I:525-536
Marcel mag nu niet alleen aan de theevisites
bij de Swanns deelnemen, hij mag ook mee op wandel of naar
matineevoorstellingen. En hij wordt regelmatig uitgenodigd voor de lunch. Dan
komt hij ruim op tijd aan, geniet van de tegenstelling tussen winterse kou
buiten en het al voorgenieten van de behaaglijke warmte binnen, wordt door een
eerste, en een tweede, en een derde dienaar opgevangen, wacht een tijdje en compagnie d’orchidées, de roses et de
violettes (527:8-9) en wordt uiteindelijk door M. Swann opgevangen – Mme
Swann is alweer te laat, nog niet terug van haar wandeling in de Bois of haar bezoek aan de naaister. Swann toont Marcel de nieuwste aanwinsten
in zijn kunstcollectie, maar Marcel heeft zo’n honger dat: La Joconde se serait trouvée là qu’elle ne m’eût pas
fait plus de plaisir qu’une robe de chambre de Mme Swann, ou ses flacons de
sels. (528:4-6) Het wachten, de honger, de lakeien en
de aankondigingen doen Marcel reikhalzend uitkijken naar de intrede van Mme
Swann, maar haar aankomst – eindelijk! – ne
tenait pas les promesses prodiguées dans l’attente à mon imagination (528:18-19).

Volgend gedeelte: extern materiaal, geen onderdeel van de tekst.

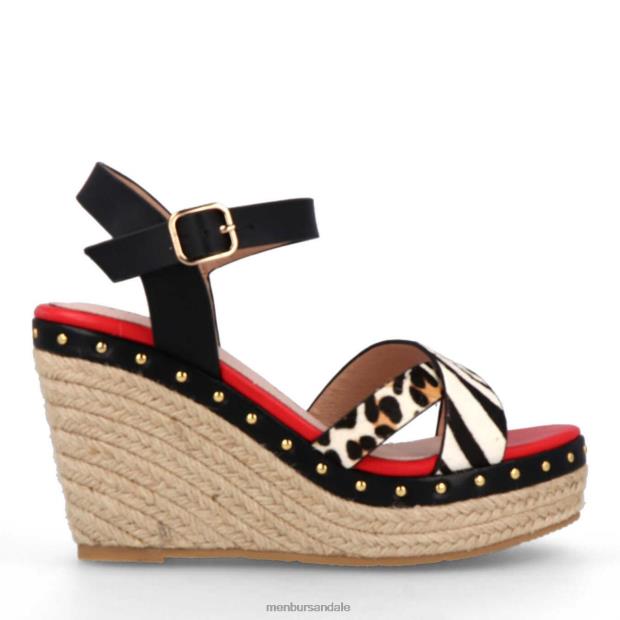 busalla femei Menbur ZJ84J294 roșu pantof casual chic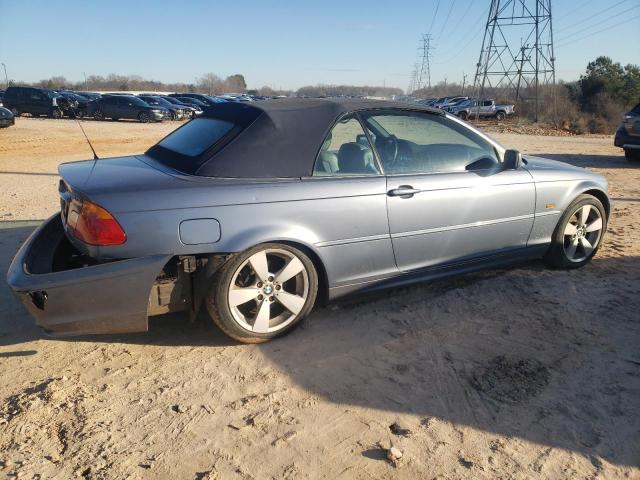Photo 3 from auction – 2001 BMW 325 CI with VIN WBABS33401JY50660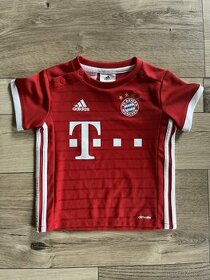 Detský futbalový dres - Adidas - Bayern Mníchov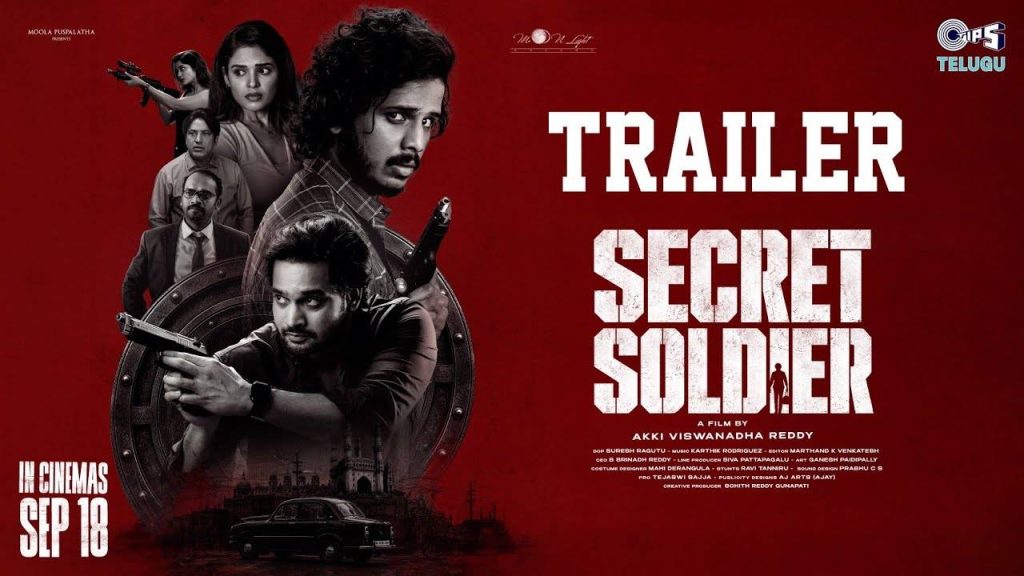 Secret Soldier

Soms wordt er na het eten niet uitgegaan, en
dan stellen de gesprekken Marcel steevast teleur. Of soms verdwijnt Gilberte in
een voor Marcel tot dan toe verborgen gebleven gedeelte van het huis. Dan
probeert hij, door aan M. Swann vragen te stellen, over dit verborgene meer aan
de weet te komen. Swann
slaagt erin bij Marcel une de ces
affreuses distances intérieures weg te nemen au terme desquelles une femme que nous aimons nous apparaît si
lointaine (529:12-14). Grappig, of bizar, hoe Proust
hier het kind Marcel liefdeswijsheid opdringt die, denk ik toch, normaal gezien
enkel een volwassene en al door het leven beproefde aan de dag kan leggen. Van
de weeromstuit vat Marcel voor Swann een genegenheid op que je crus plus profonde que ma tendresse pour Gilberte
(529:14-15). Toch is het Gilberte die hij liefheeft, en bijgevolg – alweer zo’n
door het leven gelouterde wijsheid – kon hij haar niet zien sans ce trouble, sans ce désir de quelque
chose de plus, qui ôte, auprès de l’être qu’on aime, la sensation d’aimer
(529:19-21): het gevoel lief te hebben wordt vertroebeld, in zekere zin uitgewist,
door het verlangen naar méér. En precies dát is de liefde, die dus altijd
tragisch is.
Vooraleer uit te gaan, speelt Mme Swann piano.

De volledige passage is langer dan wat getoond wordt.